Le comité social et économique rend son avis dans un délai qui ne peut être supérieur, à compter de la date de la première réunion au cours de laquelle il est consulté, à un mois. En l’absence d’avis rendu dans ce délai, le comité social et économique est réputé avoir été consulté.
Il s’en déduit que le CSE est réuni sur le projet de licenciement collectif lors de la première réunion durant laquelle ses membres ont la possibilité de poser des questions et de faire des propositions et d’évaluer s’il dispose d’informations suffisantes tandis qu’il examine les réponses de l’employeur lors de la deuxième réunion et doit rendre un avis dans le délai maximal d’un mois à compter de la première réunion.

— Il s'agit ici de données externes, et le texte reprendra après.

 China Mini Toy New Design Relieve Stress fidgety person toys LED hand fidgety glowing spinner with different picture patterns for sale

Pas de prorogation d’un commun accord
Il n’est pas envisagé par ce texte spécifique de prorogation d’un commun accord de délai en cas d’expertise à la différence des textes visés dans l’arrêt du 8 juillet 2020 cité par le CSE (articles L 2323-3 et R 2323-1 et suivants du code du travail dans leur version alors applicable ) ayant trait à une consultation annuelle du comité d’entreprise sur la situation économique et financière (art. L.2323-12 du code du travail) et la politique sociale (art. L.2323-10) lesquels visaient, sauf dispositions législatives spéciales, la possibilité d’un accord dérogeant aux délais de consultation et donc la possibilité pour la cour d’appel de retenir que les délais de consultation du comité d’entreprise et de l’expertise avaient été prolongés d’un commun accord jusqu’au 27 avril 2017 de sorte que le rapport d’expertise , remis avant cette date , n’avait pas été déposé hors délai.

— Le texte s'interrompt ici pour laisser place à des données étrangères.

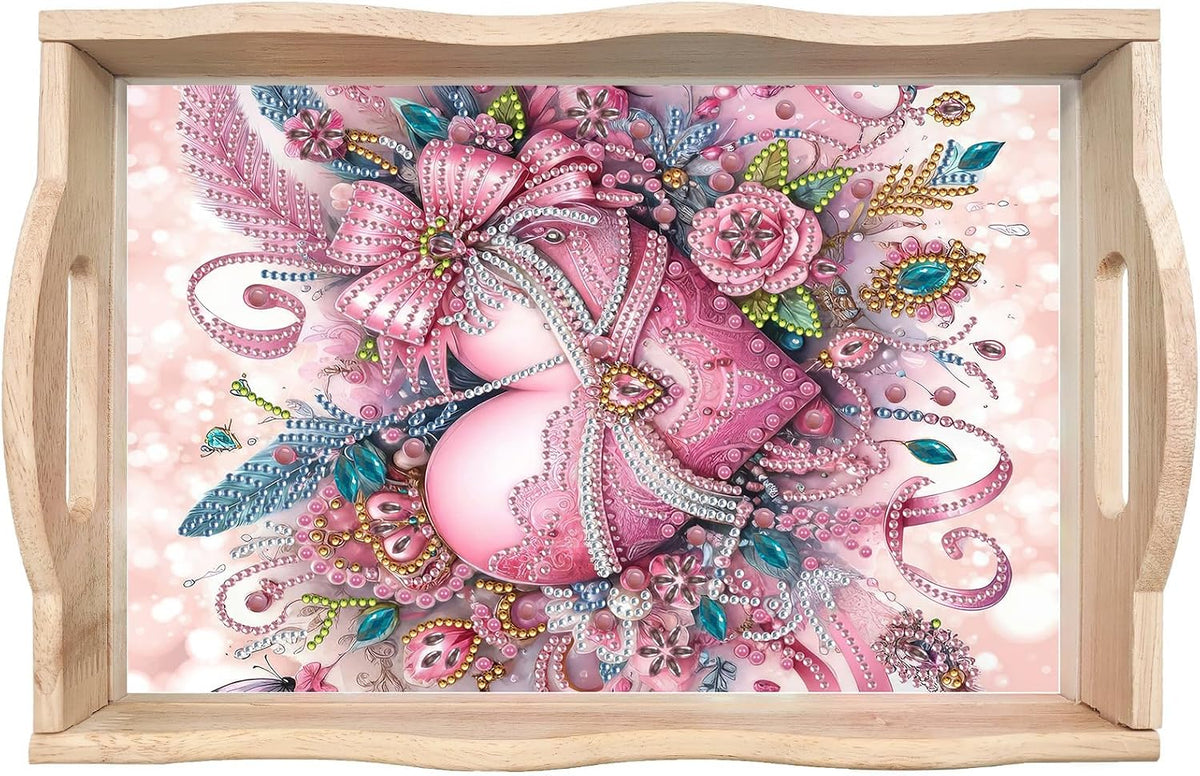 DIY Diamond Art Painting Creative Design Handmade Wooden Serving Tray Dinner Plate Partial Diamond Art Breakfast Tray for Coffee Living Room Home Organizer - Pink Heart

Dans le même sens, et ainsi que l’a relevé le tribunal judiciaire, l’article L 2312-16 du code du travail ne vise la possibilité d’un accord de prorogation des délais que sous réserve de dispositions législatives spéciales lesquelles sont ici constituées par les dispositions de l’article L.1233-8 du code du travail .
Affaire Marie Claire
Or, il résulte en l’espèce des pièces produites que le CSE a été saisi du projet de licenciement collectif de moins de dix salariés le 29 octobre 2020, qu’il a alors posé des questions sur ce projet et désigné le cabinet Sextant Expertise pour l’assister lequel a rendu son rapport le 18 novembre 2020 après que la société avait par ailleurs transmis un document répondant aux questions et des pièces annexes le 13 novembre 2020,
Il s’en déduit que tandis que les délais de consultation n’étaient pas susceptibles de prorogation par accord, la saisine du tribunal judiciaire le 14 décembre 2020 a été tardive .
Le jugement du tribunal judiciaire sera donc confirmé en ce qu’il a déclaré irrecevable l’action du CSE de l’UES Marie Claire.

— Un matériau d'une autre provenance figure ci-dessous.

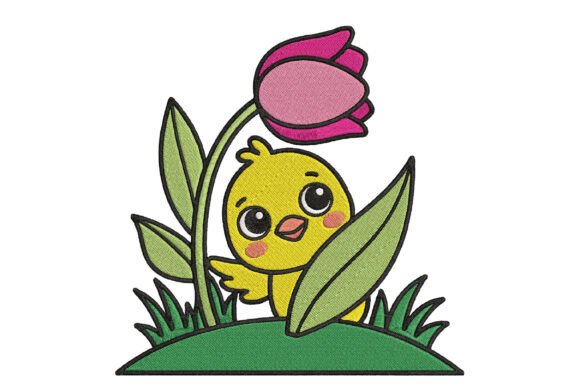 Baby Chick with Flower Embroidery Design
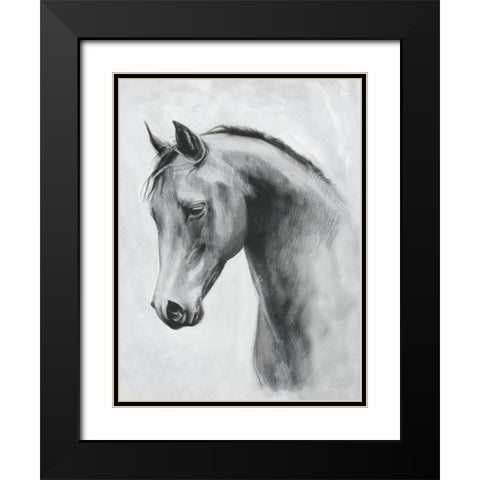 Cavallo II Black Modern Wood Framed Art Print with Double Matting by Scarvey, Emma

COUR D’APPEL DE VERSAILLES 6e chambre ARRET DU 12 MAI 2022
N° RG 21/02359 – N° Portalis DBV3-V-B7F-UU3L
AFFAIRE :
Le Comite Social et Economique de l’Unite Economique et Sociale Marie Claire
C/
S.A.S. REVUE DU VIN DE FRANCE
…
Décision déférée à la cour : Jugement rendu le 29 Juin 2021 par le TJ hors JAF, JEX, JLD, J. EXPRO, JCP de NANTERRE
N° Section :
N° RG : 21/00836
Copies exécutoires et certifiées conformes délivrées à :
Me Philippe CHATEAUNEUF
Me Franck LAFON
le : 13 Mai 2022
RÉPUBLIQUE FRANÇAISE
AU NOM DU PEUPLE FRANÇAIS
LE DOUZE MAI DEUX MILLE VINGT DEUX,
La cour d’appel de Versailles a rendu l’arrêt suivant dans l’affaire entre :
Le Comite Social et Economique de l’Unite Economique et Sociale Marie Claire
[Adresse 1]
[Localité 3]
Représenté par : Me Ilan MUNTLAK de la SELARL 41 Société d’Avocats, Plaidant, avocat au barreau de PARIS, vestiaire : K0137 ; et Me Philippe CHATEAUNEUF, Postulant, avocat au barreau de VERSAILLES, vestiaire : 643.
APPELANTE
S.A.S. REVUE DU VIN DE FRANCE
N° SIRET : 395 077 068
[Adresse 1]
[Localité 2]
Représentée par : Me Gwenaëlle ARTUR de la SCP CABINET ASTON, Plaidant, avocat au barreau de PARIS ; et Me Franck LAFON, Postulant, avocat au barreau de VERSAILLES, vestiaire : 618.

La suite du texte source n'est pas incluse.